A Prefeitura de São Paulo avisa que o canal de diálogo continua aberto para as negociações e recorreu da decisão judicial quanto ao prazo concedido para a desocupação. O poder público ofereceu três terrenos para a regularização da sede – um na Rua Conselheiro Furtado, próximo à Praça da Sé, outro na Rua Helvétia, perto da alça do Minhocão, e um terceiro na Rua João Passalaqua, na Bela Vista, vizinho ao acesso à Radial Leste. Todos foram rejeitados pelo grupo porque, segundo os integrantes, são inviáveis na manutenção do conceito de teatro-praça com a sala de espetáculos se comunicando com a área externa.
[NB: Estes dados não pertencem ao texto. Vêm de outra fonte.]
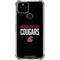 Cougars Washington State Google Pixel 5 Clear Case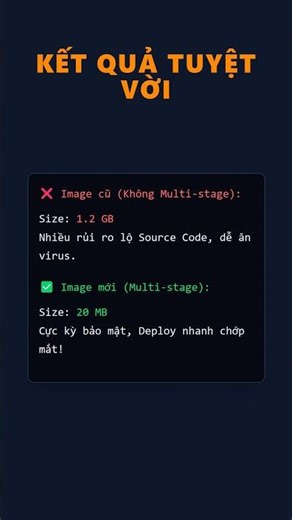 Optimize image size with amazing multi-stage builds! 🚀 | Docker Tutorial #11 #Docker #devops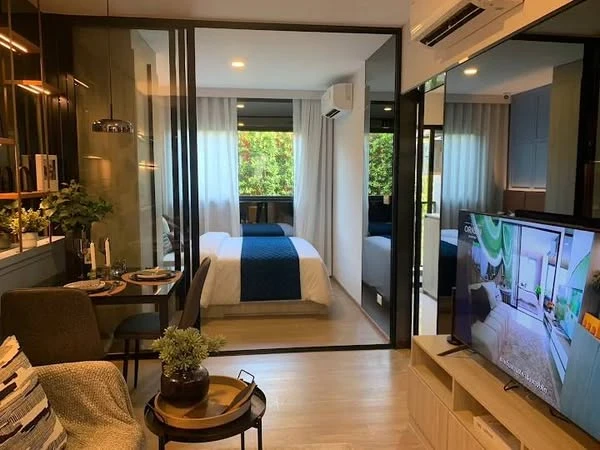 Selling down payment The Origin Bangkae, 8th floor, good project, complete facilities, reserve now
O mesmo terreno da Helvétia voltou à pauta nas recentes conversas entre a Secretaria Municipal de Cultura e a Cia. Mungunzá e pode representar uma saída para o impasse. “São 2 mil metros quadrados de área livre, eles nos ofereceram mil metros e pleiteamos 1,4 mil metros quadrados, assim poderemos implantar o conceito de parque e plantar árvores”, declara Felipe. “Mas, independentemente desta solução, Elã deve ser a última temporada do Teatro de Contêiner Mungunzá como ele é e onde está hoje.”
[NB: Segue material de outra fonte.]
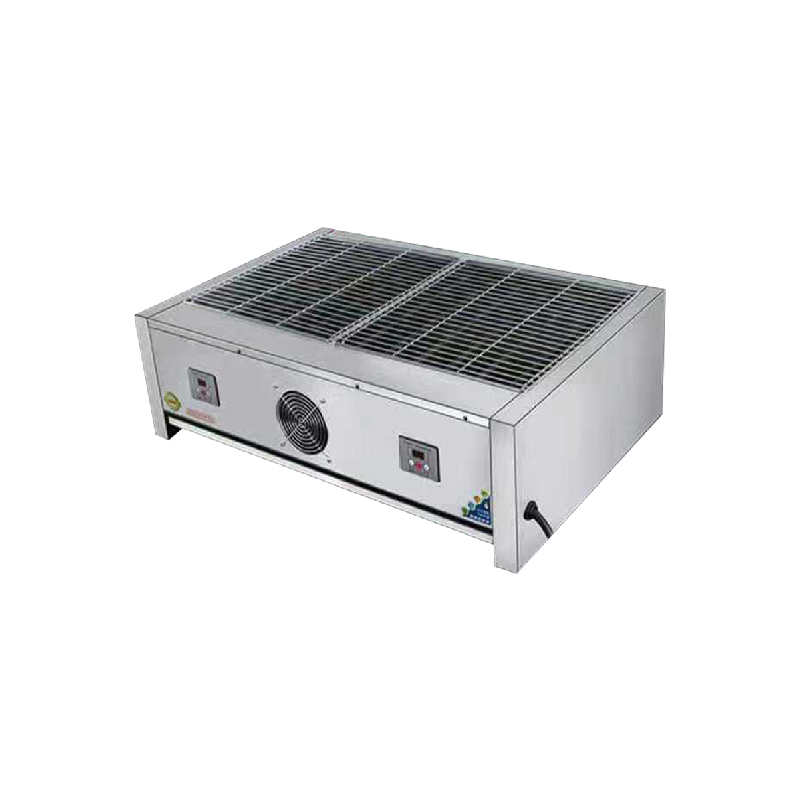 Gas Charcoal BBQ Smoker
Isabel lamenta o desgaste sofrido pela Mungunzá e, com a experiência de quem fez teatro na Europa, chama a atenção para a qualidade do trabalho dos colegas. “Eles são criativos, têm domínio técnico e lidam brilhantemente com a escassez de produção” elogia. “Se contassem com uma estrutura como aquelas que são comuns na Europa, estariam, sem dúvida, entre os grandes coletivos de teatro do mundo e representariam o Brasil em qualquer festival.”
Serviço
Elã
Sesc Pompeia – Teatro. Rua Clélia, 93
Quinta a sábado, 20h. Domingo, 18h. R$ 70. Haverá sessões na quarta (1º), às 20h, nas sextas (3 e 10), às 16h, e nos sábados (4 e 11).